## Exercise aim:
Quote the data exactly, first line to the line containing "Kadın Beyaz Kalın", with no pictures.

────

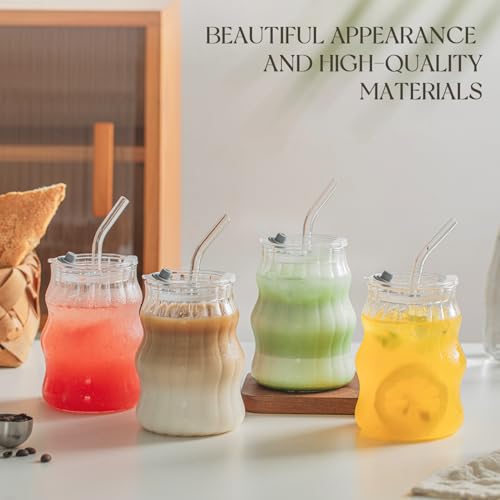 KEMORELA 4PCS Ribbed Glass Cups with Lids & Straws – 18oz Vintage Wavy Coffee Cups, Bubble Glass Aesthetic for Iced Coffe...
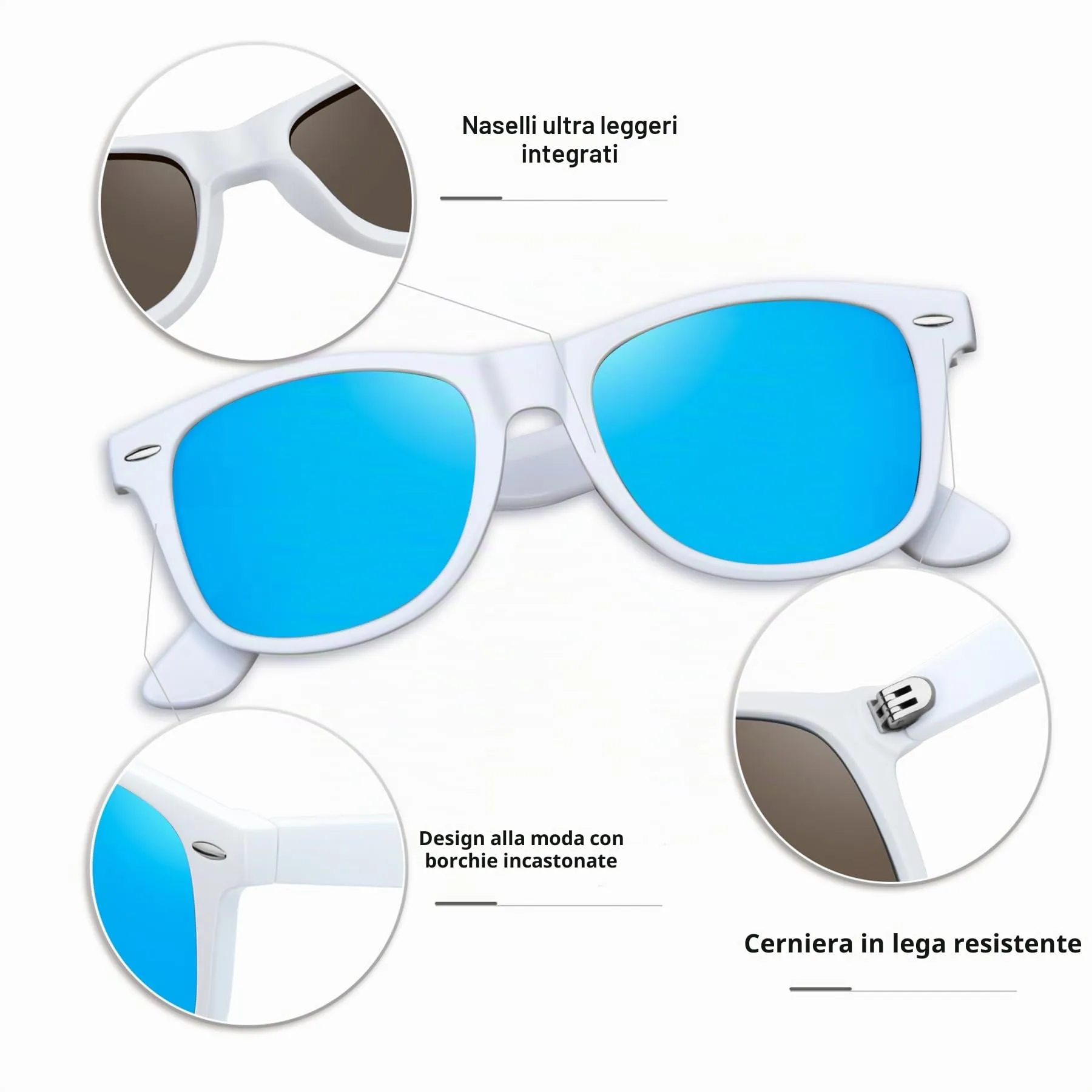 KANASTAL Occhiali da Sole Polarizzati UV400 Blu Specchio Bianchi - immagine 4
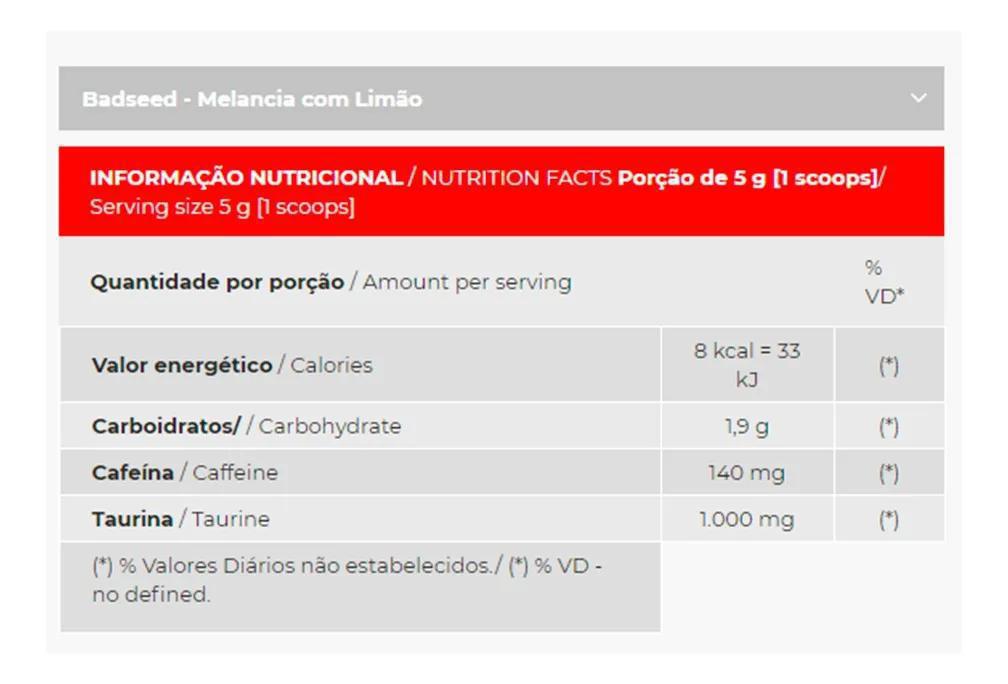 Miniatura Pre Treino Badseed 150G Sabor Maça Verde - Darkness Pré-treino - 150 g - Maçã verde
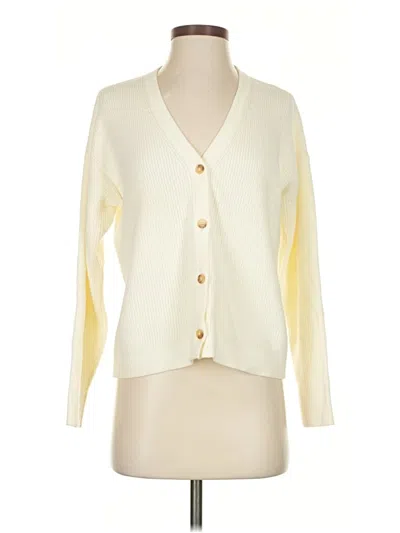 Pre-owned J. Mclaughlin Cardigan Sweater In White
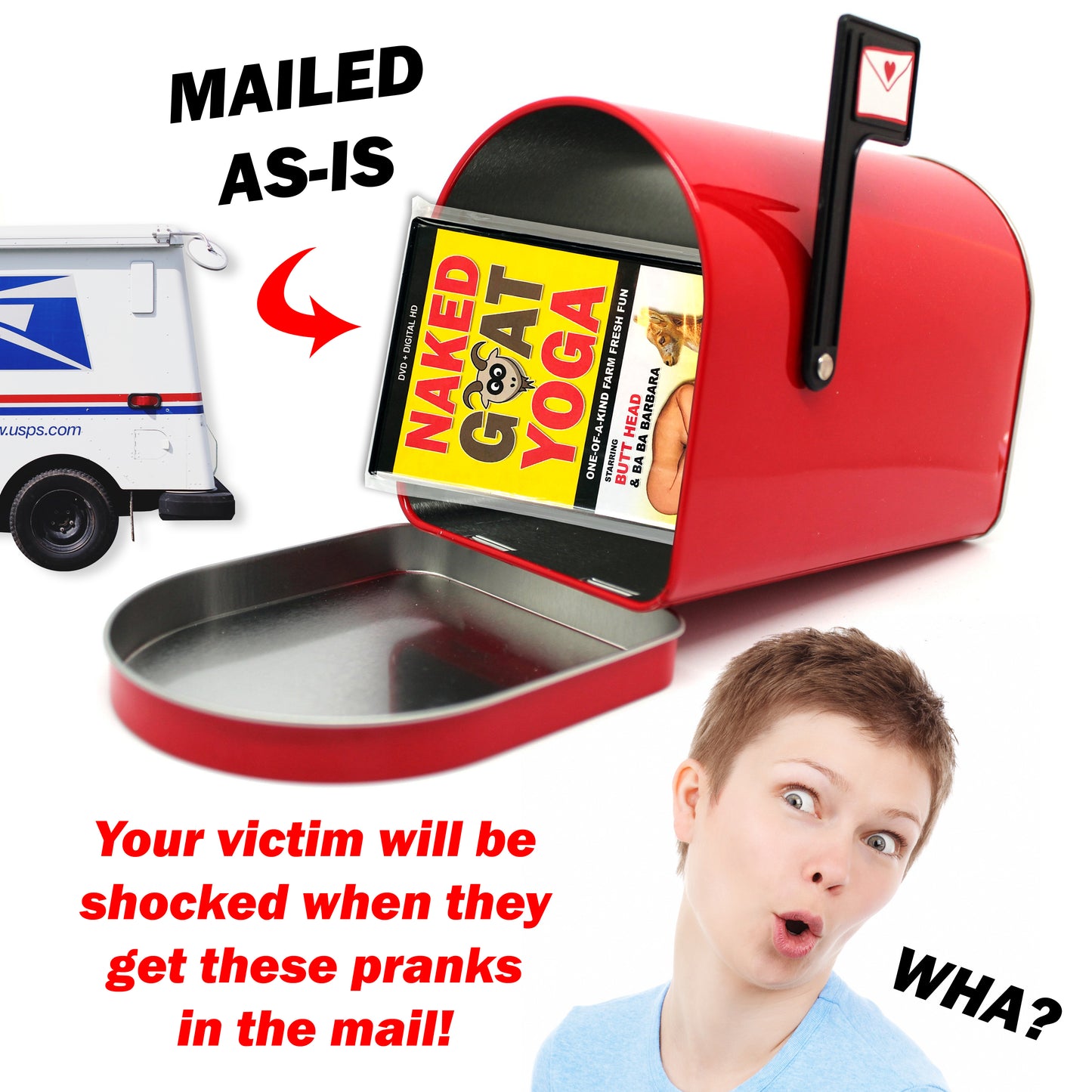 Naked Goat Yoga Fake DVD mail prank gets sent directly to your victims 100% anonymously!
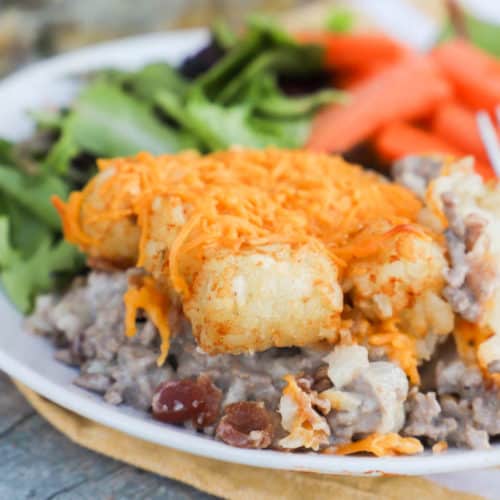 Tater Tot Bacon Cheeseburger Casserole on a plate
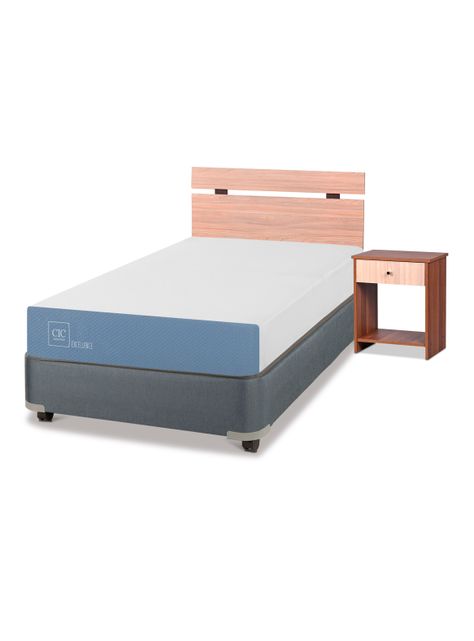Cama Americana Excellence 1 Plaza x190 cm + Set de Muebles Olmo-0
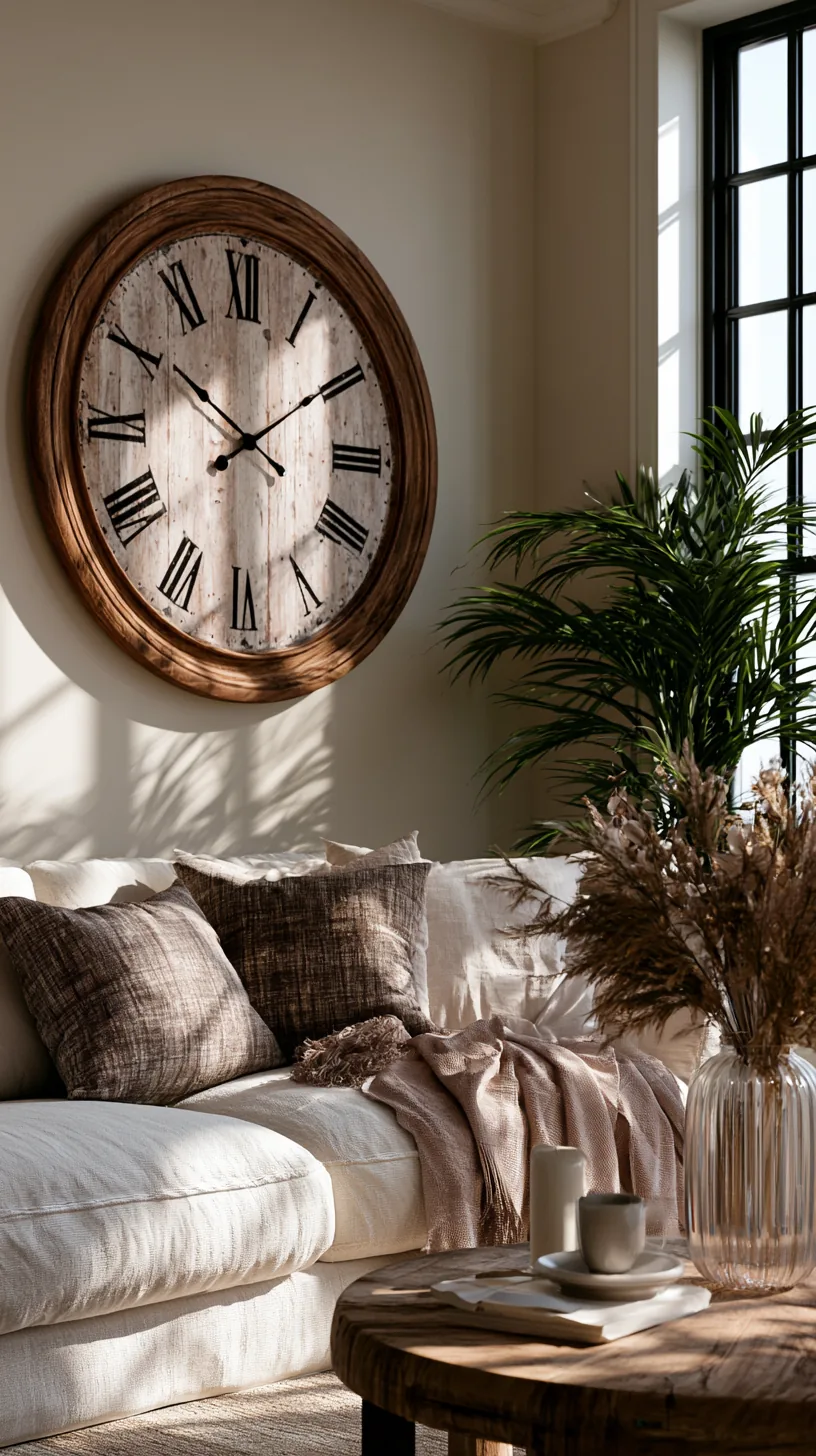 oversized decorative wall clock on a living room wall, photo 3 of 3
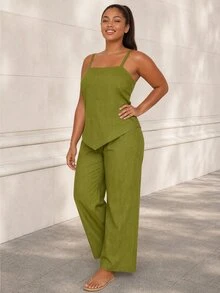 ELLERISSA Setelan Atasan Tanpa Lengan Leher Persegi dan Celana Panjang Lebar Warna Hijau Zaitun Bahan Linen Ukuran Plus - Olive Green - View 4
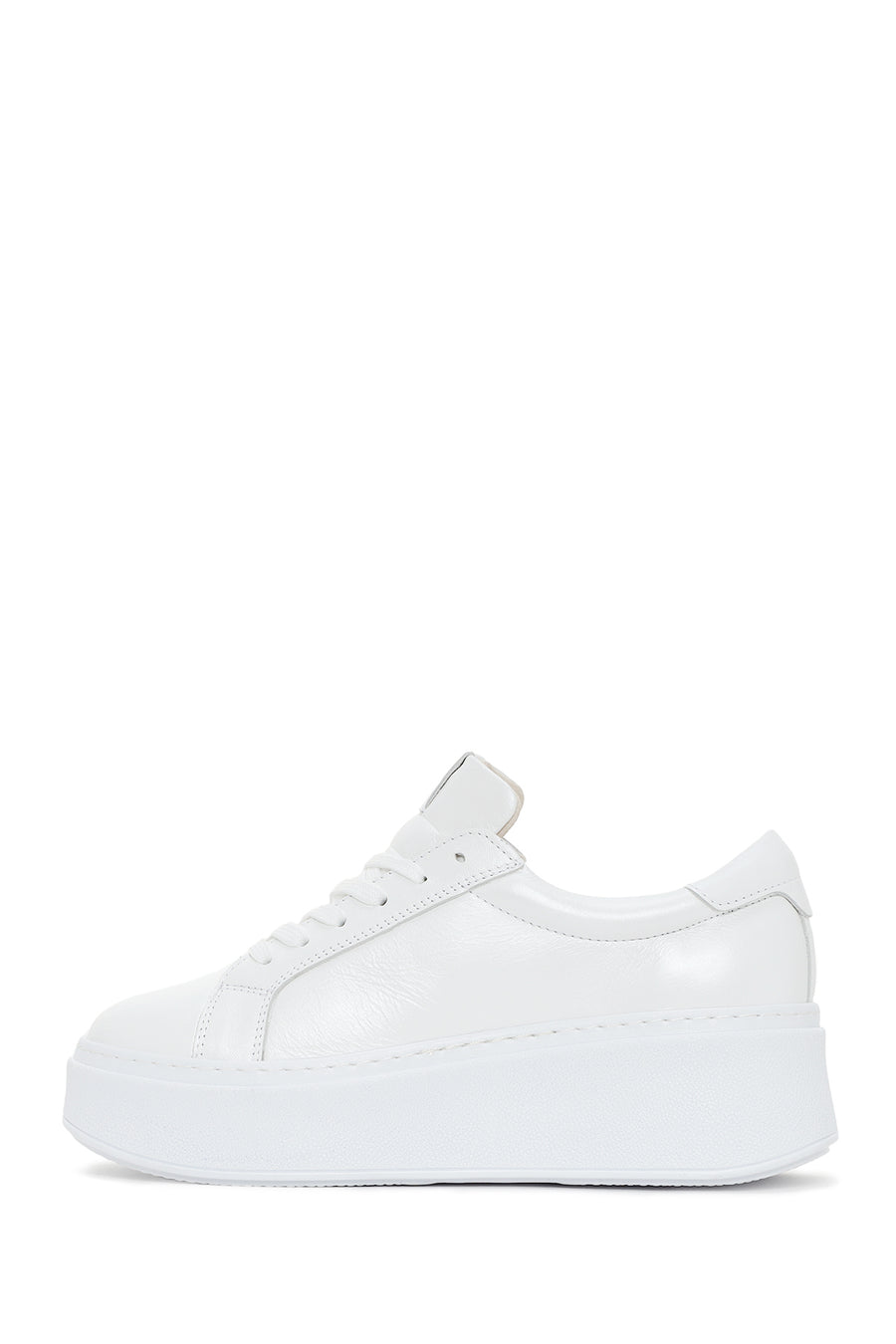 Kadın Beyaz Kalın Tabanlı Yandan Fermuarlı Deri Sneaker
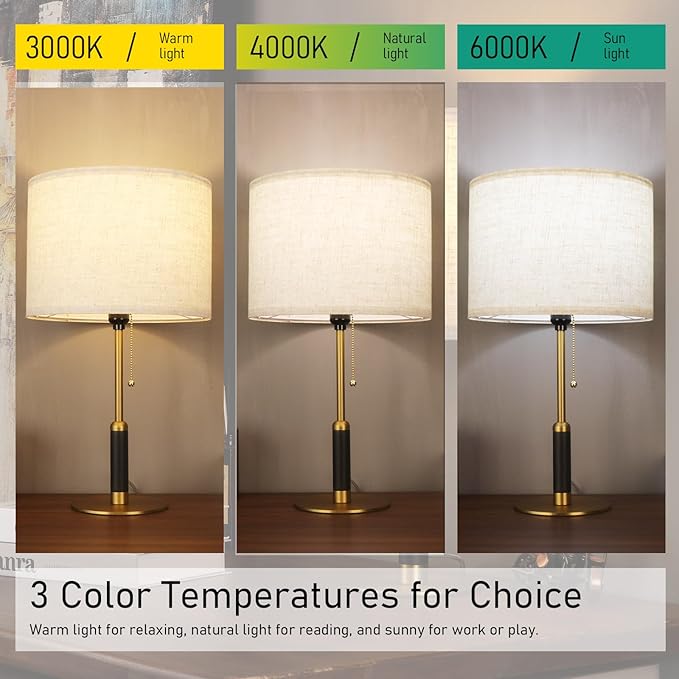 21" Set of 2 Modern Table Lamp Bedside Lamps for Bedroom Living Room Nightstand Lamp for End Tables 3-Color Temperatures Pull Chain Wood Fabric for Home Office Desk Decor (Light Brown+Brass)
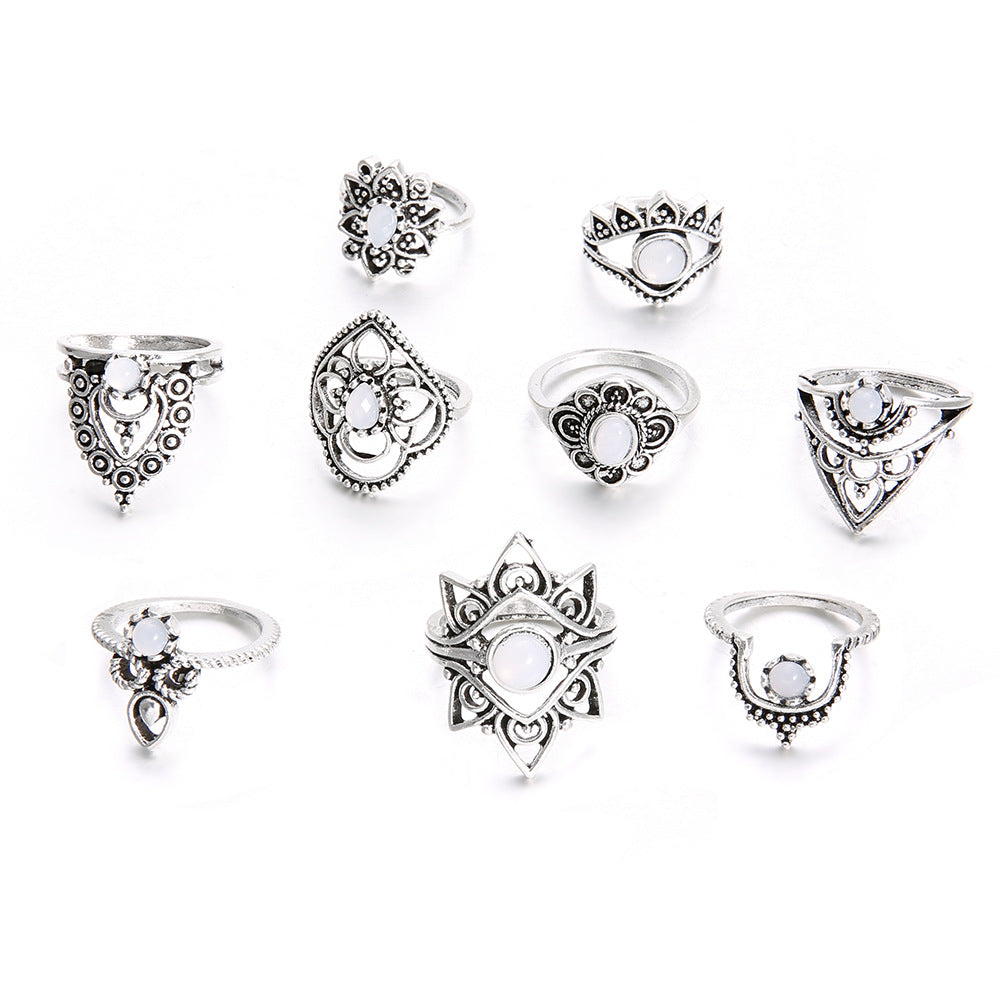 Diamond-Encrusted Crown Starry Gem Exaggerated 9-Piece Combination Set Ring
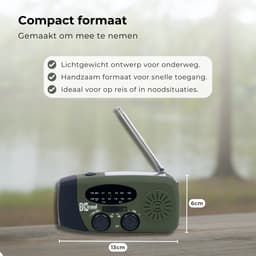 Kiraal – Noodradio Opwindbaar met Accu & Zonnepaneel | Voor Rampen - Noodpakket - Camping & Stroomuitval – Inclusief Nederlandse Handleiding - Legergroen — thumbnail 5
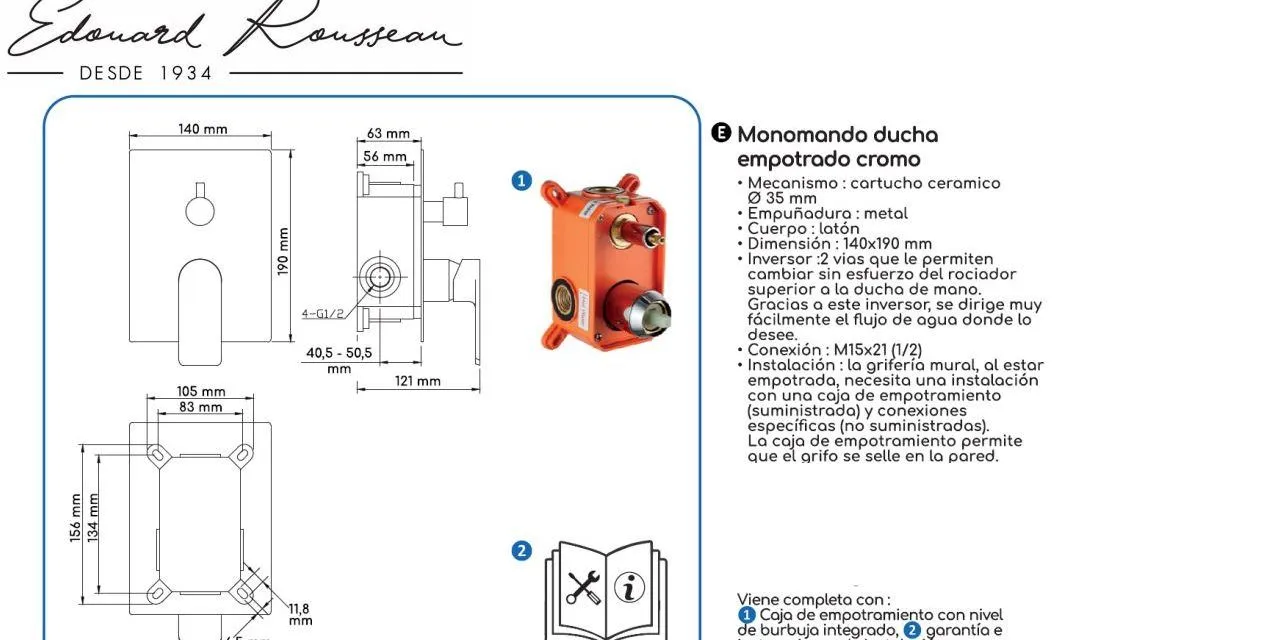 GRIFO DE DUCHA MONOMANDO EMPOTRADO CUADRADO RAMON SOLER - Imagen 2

────

## Completed task:
 KEMORELA 4PCS Ribbed Glass Cups with Lids & Straws – 18oz Vintage Wavy Coffee Cups, Bubble Glass Aesthetic for Iced Coffe...
 KANASTAL Occhiali da Sole Polarizzati UV400 Blu Specchio Bianchi - immagine 4
 Miniatura Pre Treino Badseed 150G Sabor Maça Verde - Darkness Pré-treino - 150 g - Maçã verde
 Pre-owned J. Mclaughlin Cardigan Sweater In White
 Naked Goat Yoga Fake DVD mail prank gets sent directly to your victims 100% anonymously!
 Tater Tot Bacon Cheeseburger Casserole on a plate
Cama Americana Excellence 1 Plaza x190 cm + Set de Muebles Olmo-0
 oversized decorative wall clock on a living room wall, photo 3 of 3
 ELLERISSA Setelan Atasan Tanpa Lengan Leher Persegi dan Celana Panjang Lebar Warna Hijau Zaitun Bahan Linen Ukuran Plus - Olive Green - View 4
 Kadın Beyaz Kalın Tabanlı Yandan Fermuarlı Deri Sneaker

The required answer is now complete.